A suspect in the shooting was captured near the scene, according to the government, which vowed harsh action. “We will hold the perpetrator who committed this despicable act to justice, and the government will respond with an iron fist to anyone who uses this incident as an opportunity to spread hate speech in society,” Mohammad Momani, a government spokesman, said in a statement.
Jordan has sought to find ways to keep its Islamist forces in check. The Muslim Brotherhood, outlawed in Egypt, was allowed, through its political wing, to take part in Jordan’s parliamentary elections last week. The wing, along with other Islamists, won 15 of 130 seats, while women won 20, a record for the nation. By happenstance, Jordan’s government resigned on Sunday, part of the normal process after elections.
But with the Syrian civil war so close, the kingdom’s leaders fear that extremism will cross its borders or arise from within. In June, three intelligence officers and two other government employees were killed at a Palestinian refugee camp. In November, a Jordanian police officer fatally shot two US trainers, a South African trainer and two Jordanians at a training compound in Amman.
Before his death, Hattar said that he shared the cartoon not to insult Islam but to point out the hypocrisy of the Deash. In his apology statement, he said the cartoon “mocks [Daesh] terrorists and their concept of heaven”.
His explanation did not satisfy his most virulent critics. “The apology and the clarification from Hattar is no less of an apostasy than his caricature,” Abu Mohammad Al Maqdisi, one of Al Qaida’s most influential ideologues and the spiritual mentor of Abu Musab Al Zarqawi, the slain Jordanian-born leader of Al Qaida in Iraq, wrote on Twitter in August.
Relatives said Hattar received more than 100 death threats, many through Facebook and some by telephone. In one message they played for a reporter, a caller said if justice did not take place, he would kill Hattar by “tearing out his heart from his chest”. The family said it went to the governor to submit the death threats but no action was taken.

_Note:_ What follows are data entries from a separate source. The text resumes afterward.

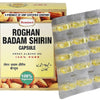 Hamdard Roghan Badam Shirin Capsules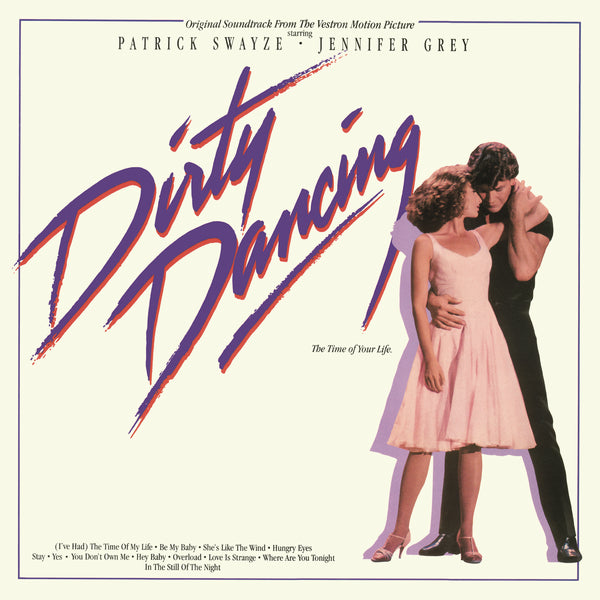 Dirty Dancing BSO CD en Sony Music Store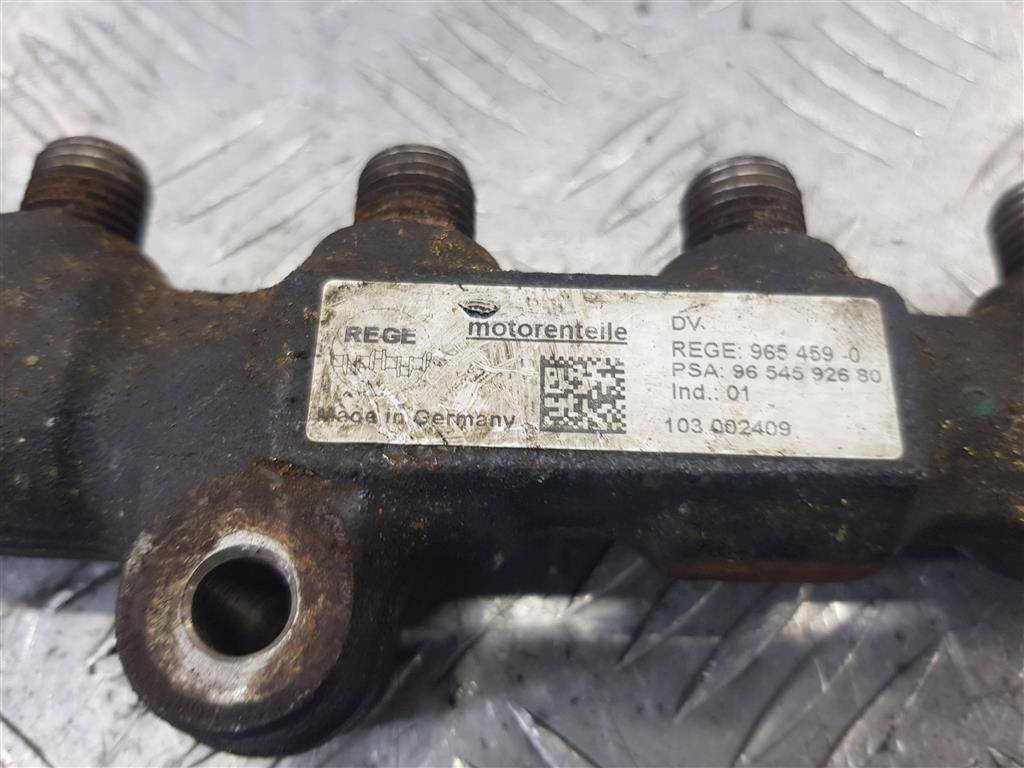 рампа топливная Peugeot Partner  1570G2, 980 рублей, Москва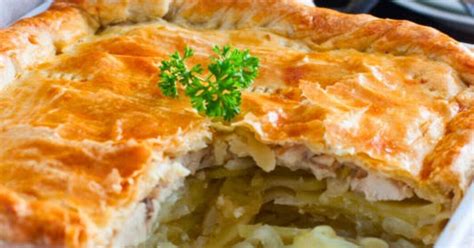 Jamie Oliver chicken pie recipe: Ultimate ‘comfort food’ ready in 33 minutes | Express.co.uk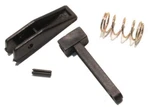 Polaris Indy 500, 1989-2000, Choke Cable Lever Kit. Fixed Price $9.29.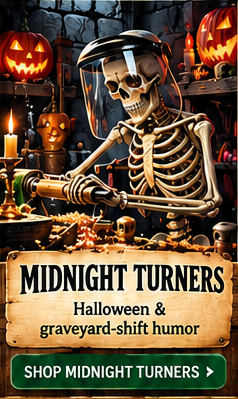 Shop Midnight Turners T-Shirts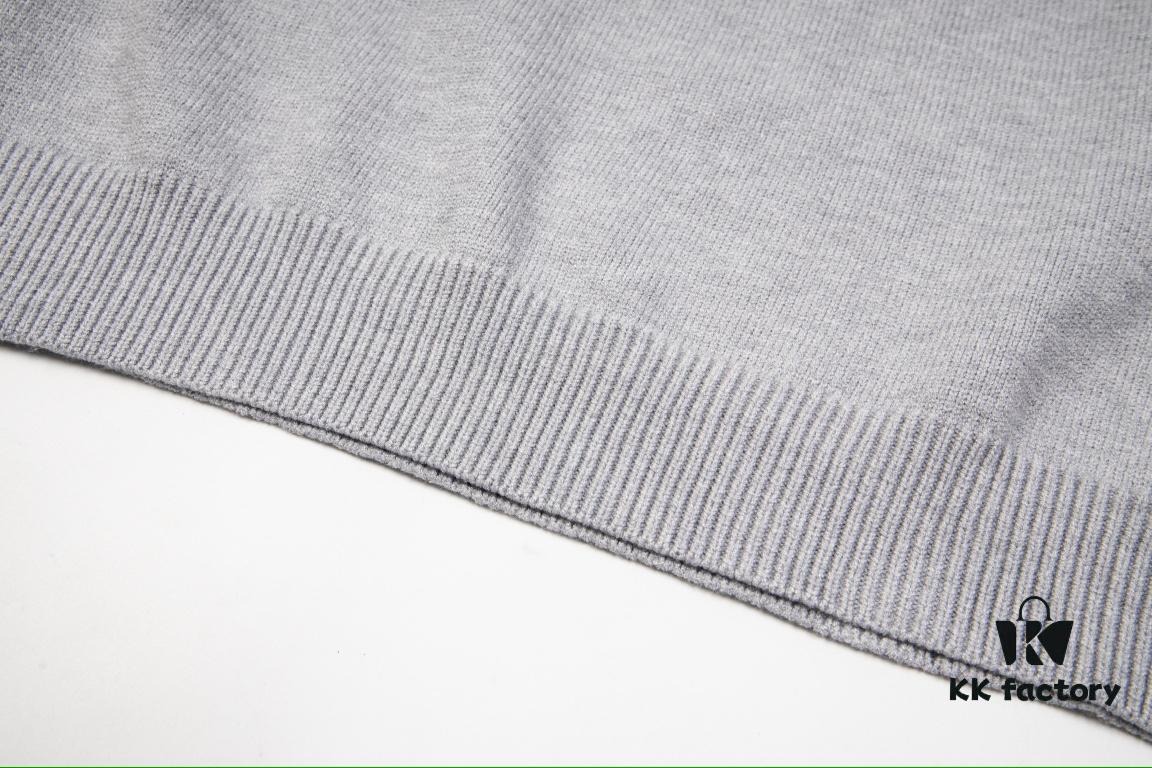 69312a11908475d562cd95ce 24FW SS24 Bestselling GUCCI Crew Neck Jacquard Knitwear - High-Density Wool Blend, Smooth and Soft Fabric, Unisex Design, Premium Quality, Perfect Fit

“This happened despite the government knowing that Nahed is a prominent person, that he received hundreds of death threats,” said Saif Hattar, his cousin.
After Hattar’s death on Sunday, a range of organisations in Jordan spoke out against the killing, including the Islamic Action Front, the political wing of the Muslim Brotherhood.
“The murder of Hattar targets democracy and diversity in our society and aims to spread darkness and terrorism,” Nidal Mansour, the president of the Centre for Defending Freedom of Journalists, said in a statement. “Even though we disagree with what Nahed says or writes, this is the time to stand united against terrorism and those who killed him. They want to instil fear and silence us.”
At the family meeting hall in Amman, relatives consoled one another.
His wife said she tried to convince Hattar to leave the country just two days earlier, but he refused.
Hattar’s younger brother, Majed, 51, was with him when he was attacked and still had blood on his clothes and shoes. He said he had chased the gunman and caught him by holding his beard.
More than 1,000 residents joined relatives on Sunday evening in Fuheis, a largely Christian suburb northwest of Amman where the writer came from. “We meet today in pain and sorrow,” said Huwaished Akroosh, the president of the municipality. “We have confidence in His Majesty the king and for safekeeping this country and its people. “
The gathering turned into a march down the main street toward Fuheis Circle, with hundreds of people chanting together. “The extremists were afraid of you, so they killed you,” they chanted. “Your blood was not spilt in vain.”